Rate Settings¶

Rate settings are the core configuration of the NewAPI billing system, allowing flexible control over billing standards for different models and user groups through various rate multipliers.

Rate System Overview¶

NewAPI uses a three-tier rate system to calculate user quota consumption:

Model Rate (ModelRatio) - Defines the base billing multiplier for different AI models
Completion Rate (CompletionRatio) - Additional billing adjustment for output tokens
Group Rate (GroupRatio) - Differential billing multipliers for different user groups

Relationship Between Quota and Rates¶

In the New API system, rates are key parameters for calculating quota consumption. Quota is the internal billing unit of the system, and all API calls are ultimately converted to quota points for deduction.

Quota Unit Conversion:

1 USD = 500,000 quota points
Quota points are the basic unit for internal system billing
User balances and consumption records are based on quota points

Quota Calculation Formulas¶

Pay-per-use Models (Based on Token Consumption)¶

Quota Consumption = (Input Tokens + Output Tokens × Completion Rate) × Model Rate × Group Rate

Pay-per-request Models (Fixed Price)¶

Quota Consumption = Model Fixed Price × Group Rate × Quota Unit (500,000)

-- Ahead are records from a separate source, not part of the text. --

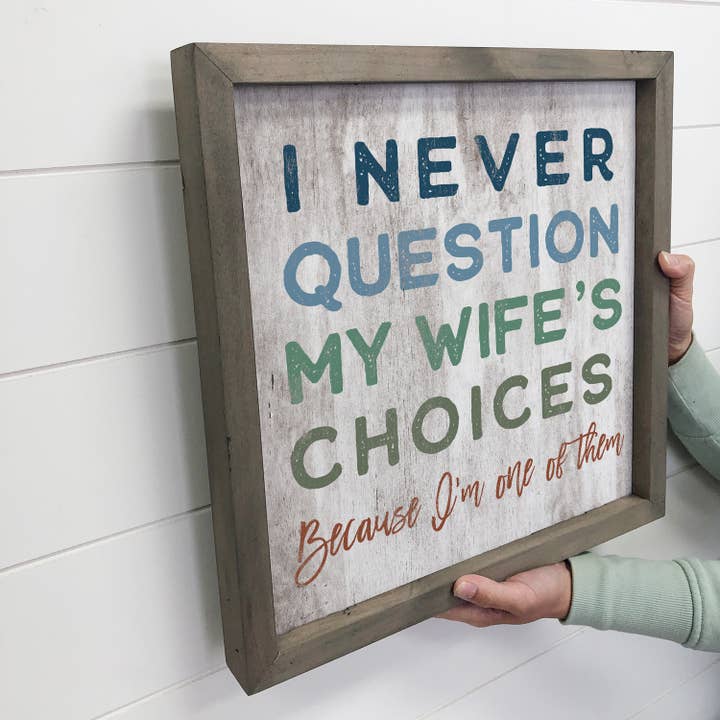 Hangout Home - Wholesale Sign - I Never Question My Wife - Funny Word Canvas Art - Framed 2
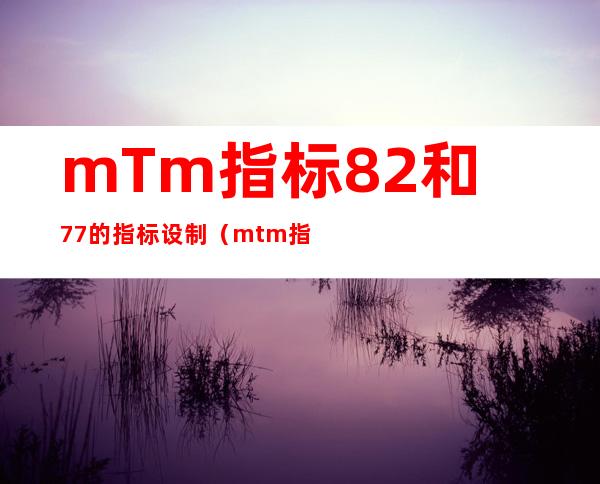 mTm指标:82和77的指标设制（mtm指标短线最优参数）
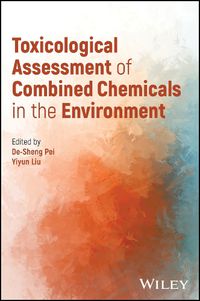 Cover image for Toxicological Assessment of Combined Chemicals in the Environment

Audio Models (Special Handling, Automatically Processed by New-API)¶

Quota Consumption = (Text Input Tokens + Text Output Tokens × Completion Rate + Audio Input Tokens × Audio Rate + Audio Output Tokens × Audio Rate × Audio Completion Rate) × Model Rate × Group Rate

Pre-consumption and Post-consumption Mechanism¶

New API uses a dual billing mechanism of pre-consumption and post-consumption:

Pre-consumption Phase: Before API call, calculate quota consumption based on estimated tokens and pre-deduct
Post-consumption Phase: After API call completion, recalculate quota consumption based on actual tokens
Difference Adjustment: If actual consumption differs from pre-consumption, the system automatically adjusts user quota balance

Pre-consumption Quota = Estimated Tokens × Model Rate × Group Rate
Actual Quota = Actual Tokens × Model Rate × Group Rate
Quota Adjustment = Actual Quota - Pre-consumption Quota

Model Rate Settings¶

Model rates define the base billing multipliers for different AI models, with system-preset default rates for various models.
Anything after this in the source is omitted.